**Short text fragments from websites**
************
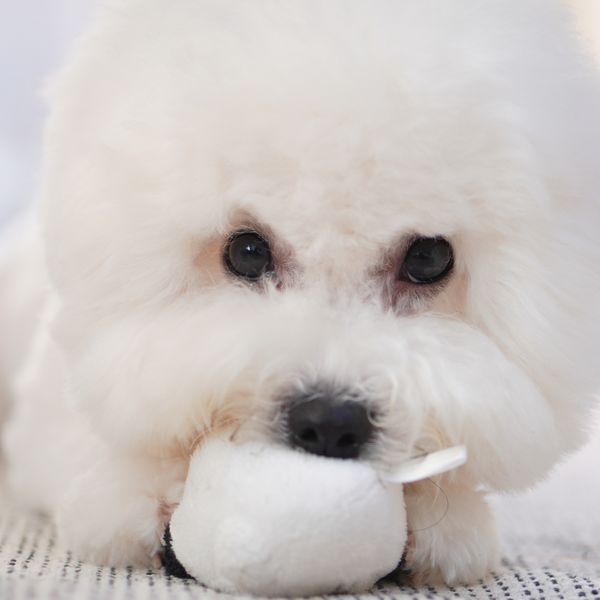 Pasmine koje osvajaju svojom simpatičnom naravi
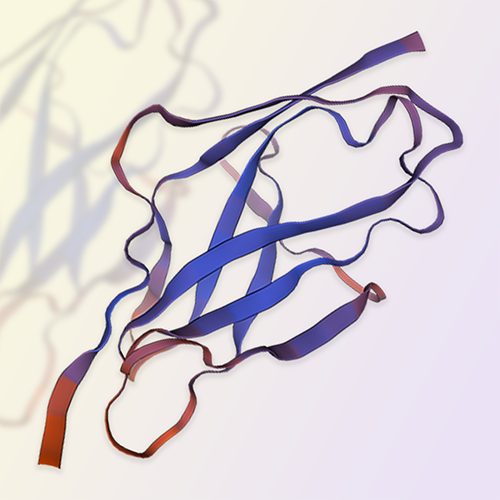 BTLA重组蛋白，ACROBiosystems百普赛斯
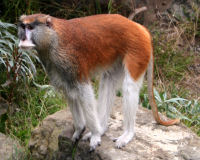 Patas monkey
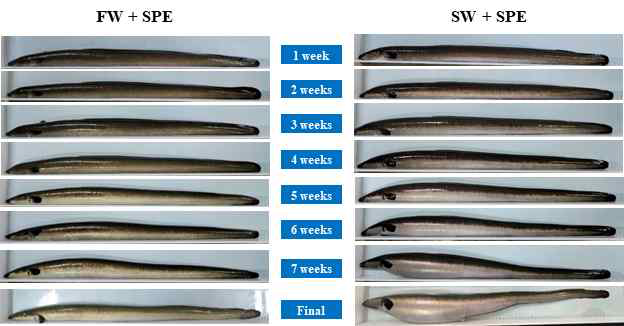 Changes in appearance of eels by the repeat of SPE injection every week. FW+SPE: freshwater with weekly SPE injection, SW+SPE: seawater with weekly SPE injection.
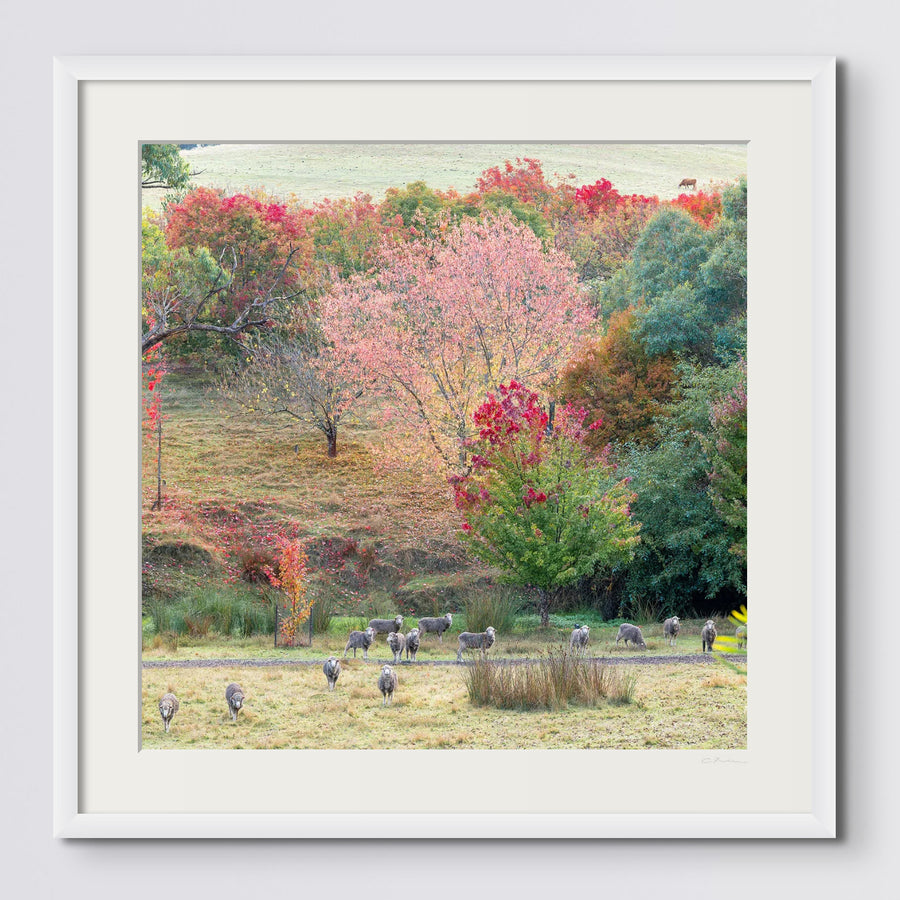 Golden Valley Tree Park  Limited Edition 115x115cm Framed in white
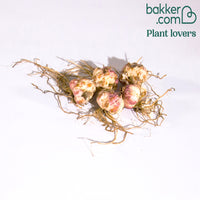 Lys asiatique 'Levi'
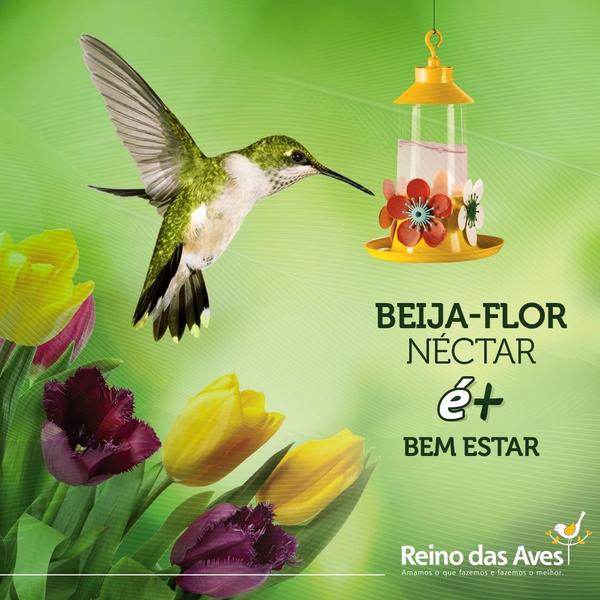 Beija-flor Néctar - 250g - Reino Das Aves Imagem de Beija-flor Néctar - 250g - Reino Das Aves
************
Output exactly the lines from the one that has "BTLA重组蛋白，ACROBiosystems百普赛斯" through the end of the data. Do not include pictures.

 BTLA重组蛋白，ACROBiosystems百普赛斯
 Patas monkey
 Changes in appearance of eels by the repeat of SPE injection every week. FW+SPE: freshwater with weekly SPE injection, SW+SPE: seawater with weekly SPE injection.
 Golden Valley Tree Park  Limited Edition 115x115cm Framed in white
 Lys asiatique 'Levi'
 Beija-flor Néctar - 250g - Reino Das Aves Imagem de Beija-flor Néctar - 250g - Reino Das Aves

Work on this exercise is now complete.